The vessel was sinking. The 38-foot Bayliner was taking on water near Discovery Harbour and listing to one side. By the time the four-person Coast Guard crew arrived on scene, the situation was looking dire.
“They were sinking,” says Ron Boucher, commanding officer. “We were really close to losing that boat, it was really close.”Applying two pumps to the boat wasn’t enough, even in tandem with a single pump from a barge towing the sinking boat. It took four pumps total – including three of the Coast Guard’s gas-powered devices – and the efforts of the crew to plug some of the vents, just to catch up to the rising water.
But finally, success. The Coast Guard crew was able to get the two people onboard the sinking vessel – and their pets – to safety and salvage their craft.
“We saved their boat, prevented a lot of pollution, and saved a cat and a dog,” says Kyle Zacharuk, one of two leading seamen, also known as a rescue specialist or medic, on board.
“That was a real feel-good story,” agrees Boucher.

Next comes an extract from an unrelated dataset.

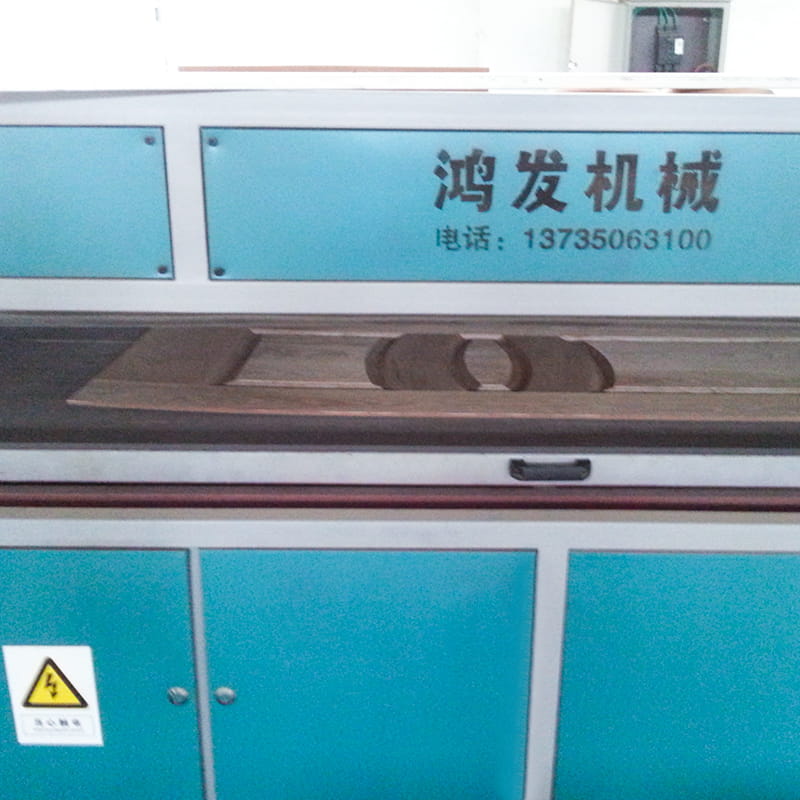 Adesivo in legno a macchina LM150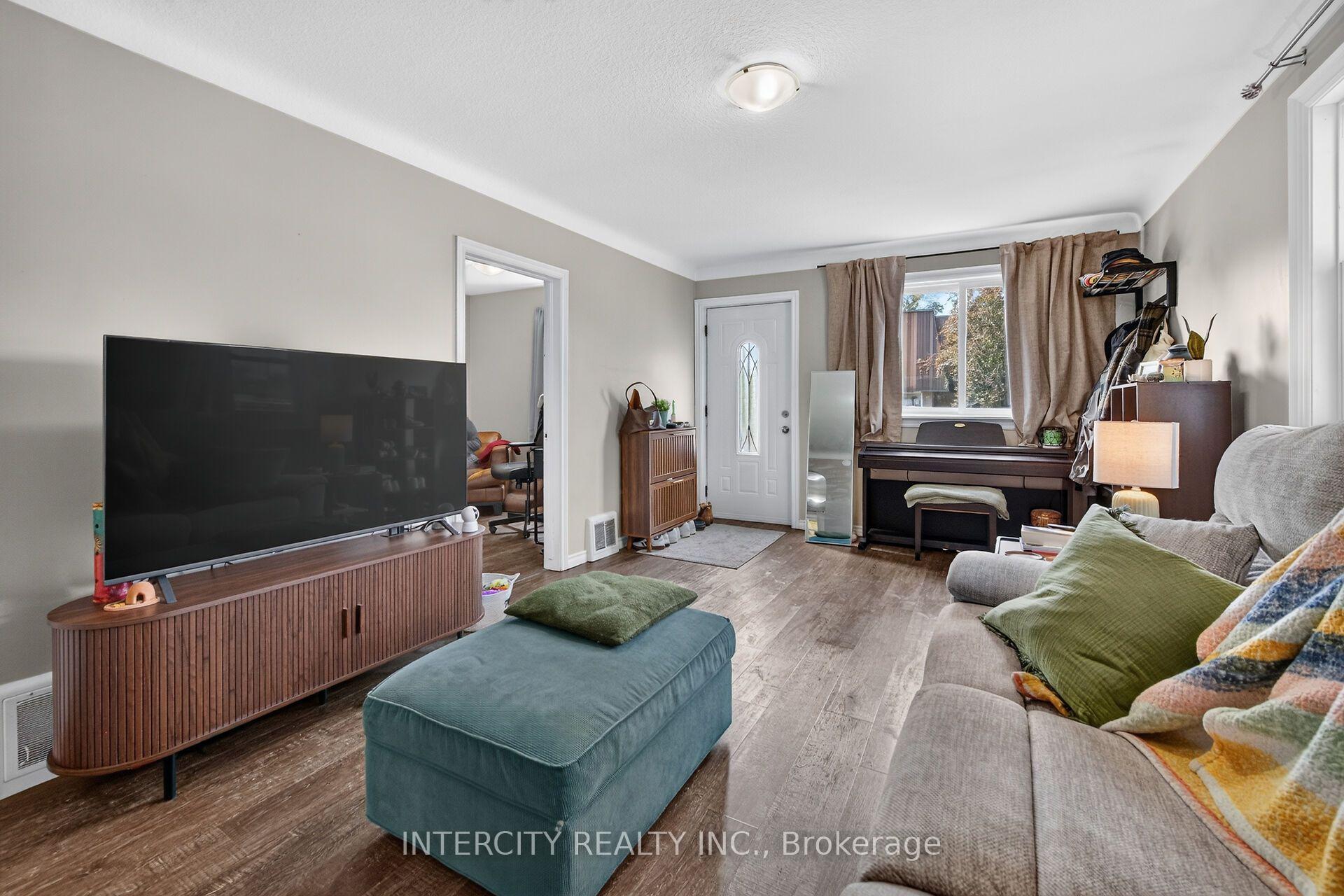 Photo 6 of 20 Kent Street, St. Catharines, Western Hill — HOMEH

It’s just one of the reasons Boucher and his crew enjoy what they do so much.
“I like helping people – it just feels good,” he says. “Another part of it for me is the job is always changing, the calls are always different.”
While the Coast Guard’s main role is to perform marine search and rescue – to help mariners when they get into trouble – the Coast Guard is also the lead federal agency for oil spill response and other pollution incidents in Canadian waters.
The Coast Guard also helps out with medical evacuations. In fact, the most common call outs last year for the Campbell River Coast Guard station were medivacs.
“We get a lot of medivacs here from the islands, mainly Quadra and Cortes, but the other outlying islands as well,” Boucher says.
The Coast Guard is called when BC Ferries is unable to assemble a crew to transport a patient to Campbell River for medical care.
The Coast Guard’s cutter, the Cape Palmerston, is often deployed in those instances and the Coast Guard is equipped with a spine board and a specialized stretcher that fits the boat.
Campbell River’s Coast Guard station received 169 distress calls last year, making Campbell River the busiest station on the coast, and Boucher says that can be attributed to the amount of medivacs.
“They’re so populated, all of the islands around here and there are a lot of retirees,” he says.
When the crew isn’t performing medical evacuations or search and rescue, they’re working with other agencies. “We’ll work with the fire department if a boat’s on fire and we’ve worked with the local Search and Rescue doing medivacs, we’ve had crews out doing customs work,” Boucher says. “A foreign vessel had broken down once and we were the platform.”
Boucher says Coast Guard will also do humanitarian work and come off the water. In one instance, Coast Guard crews provided medical assistance to local paramedics who were responding to a patient in the community. The Coast Guard also provides support aids to navigation.
“There are navigation lights up and down the coast and the lights do go out sometimes,” Boucher says. “We’ll be asked to go out and repair them.”
And when they’re not called away on a job, the crews are out doing training exercises.
Boucher says local crews are typically out on the water every second day, in order to ensure the boat is always ready to go and it’s second nature to deploy.
“We’ve got to be able to get the boat out without having to even think about it,” he says.
The Coast Guard has a 30-minute standby period that it must abide by. That means that crews, no matter if they’re in the office or at home, have 30 minutes to respond after the rescue operations centre in Victoria sends out the page.
Crews are always on standby 24/7 for the duration of their two week shift. In Campbell River, there are two four-crew teams that work a two-week-n, two-week-off rotation.
The local station has a wealth of experience. Boucher started with the Coast Guard in Prince Rupert in 1990 while one of his partners, Ian Wallace, has been with the Coast Guard since 1979 when he started out at the station in Bamfield, on the West Coast of the Island.
“I went to school by boat and it just hasn’t stopped,” Wallace says.